By RFI with Mike Woods
Europe Tobias SCHWARZ AFPFile
JAN 18, 2021 LISTEN
Tobias SCHWARZ AFP/File

France's Michelin Guide for restaurants awarded its prestigious stars to top chefs at an annual ceremony on Monday, defending its decision to maintain the awards, which critics say can make or break a chef's career, at a time health restrictions are forcing restaurants to close. 

The awards for the 2021 Michelin Guide for France were based on reviews of restaurants that have spent much of the past year completely closed by some of Europe's strictest lockdown measures. 

French restaurants were closed for all but take-away from mid March to early May last year and faced growing restrictions through the summer and autumn that left them closed nationwide by late October

The guide said its anonymous reviews were squeezed into a reduced six-month period between lockdowns. 

“It's an important decision to support the profession despite the context, and maybe even because of the context. It was necessary to maintain these announcements,” Gwendal Poullennec, international director of the guides told AFP Agency.

“It's an occasion to shine a spotlight on all these talents, to encourage them and to keep restaurant patrons motivated” until the crisis ends, he said. 
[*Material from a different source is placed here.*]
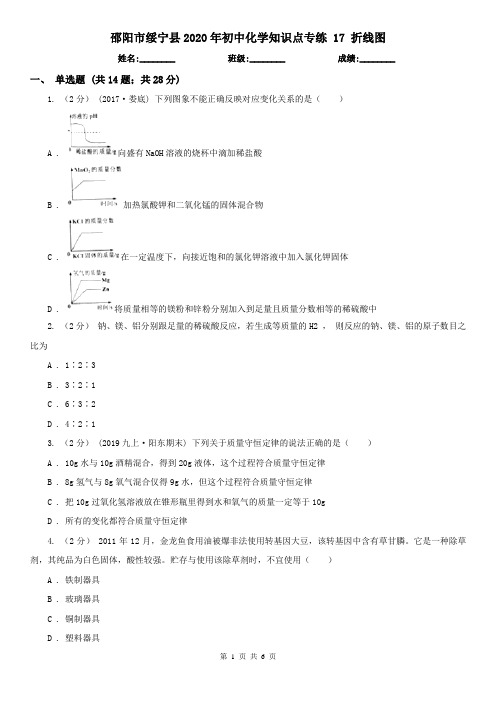 邵阳市绥宁县2020年初中化学知识点专练 17 折线图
Criticised for giving awards

Michelin's decision to go ahead with the annual awards with the same criteria as any other year put it at odds with some of its counterparts. 
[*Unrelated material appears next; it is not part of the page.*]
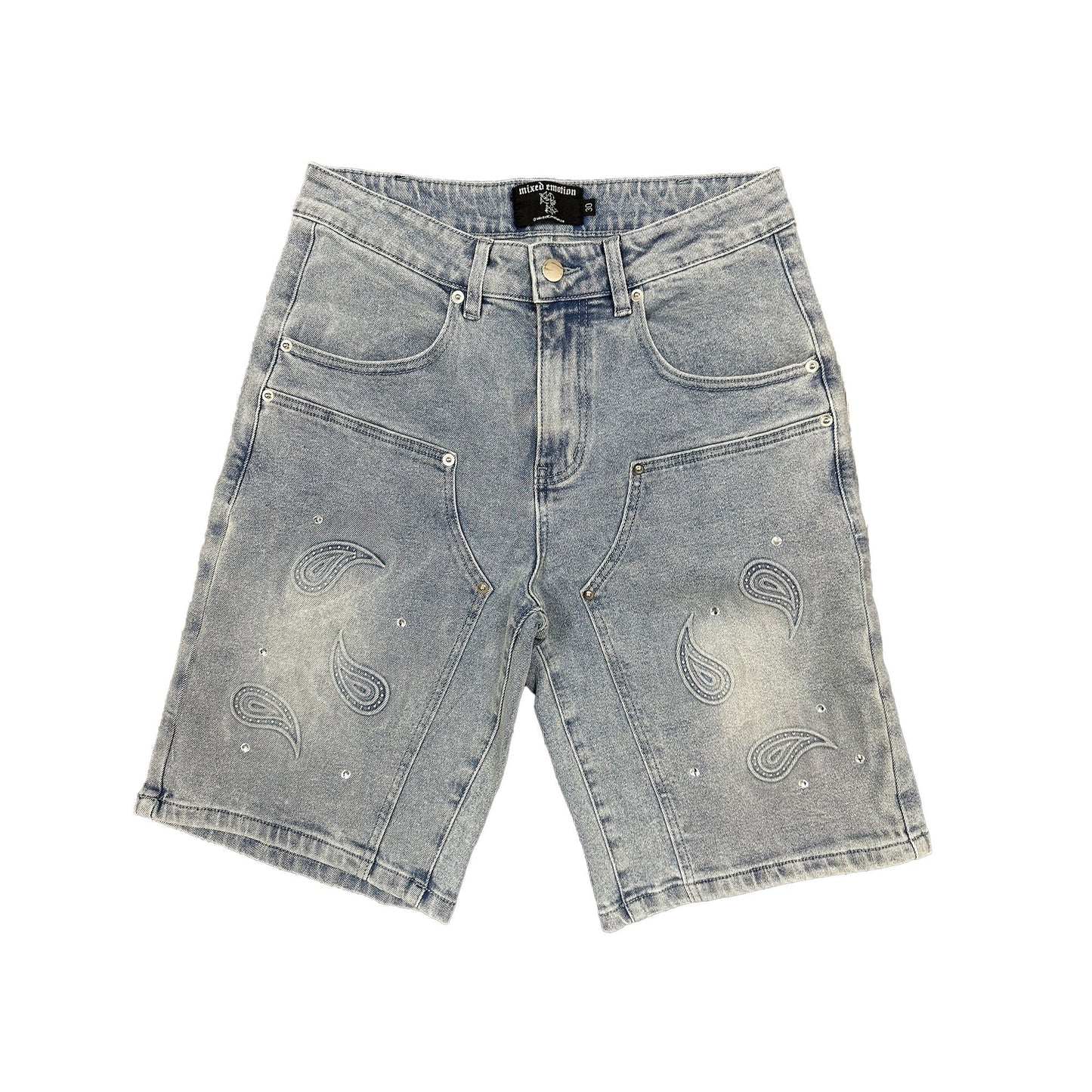 Mixed emotion ‘Paisley’ Denim Blue Shorts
Britain's 50 Best cancelled its awards outright, while France's Gault&Millau considered innovation and solidarity in their awards and La Liste gave awards based on how chefs adapted to the restrictions. 

Restaurant critic Emmanuel Rubin questioned whether the restrictions means there even needed to be a 2021 edition of the Michelin Guide, which he criticised for “the opacity of the method and conditions” of anonymous reviews in newspaper Le Figaro

Poullennec said reviewers cancelled summer holidays in order to work on the guide between lockdowns. 

Receiving a Michelin star can catapult a chef to stardom, but stars also have to be maintained, and sometimes the guide's anonymous reviewers decide to demote a restaurant. 

This system led chef Marc Veyrant to unsuccessfully sue the guide after claiming the loss of a star forced him to close his restaurant in 2019. 

Michelin had promised no three-star chefs would be demoted this year, owing to the health crisis, with restaurants looking likely to remain closed for several weeks, if not months

Any stars removed were for restaurants that had closed or changed dining concepts. 

Virtual awards from the Eiffel Tower

The prestigious guide adapted its own 30th annual ceremony to the Covid pandemic, cancelling a gala planned in the town of Cognac in southwestern France for a virtual ceremony livestreamed from the Jules Verne restaurant on the second floor of the Eiffel Tower.

The year's only new three-star chef was Alexandre Mazzia, whose Marseille restaraurant AM has garnered many accolades since it opened in 2014. 

A pair of two-star chefs were honoured: Top Chef judge Hélène Darroze, operating her restaurant Marsan on the rue d'Assas in Paris, and to Cédric and Christelle Deckert, owners of La Marise in Laubach in eastern France. 

Fifty-four first stars were announced in all, including for former Top Chef candidate Mory Sacko received a first star based on anonymous reviews of his Parisian restaurant MoSuke.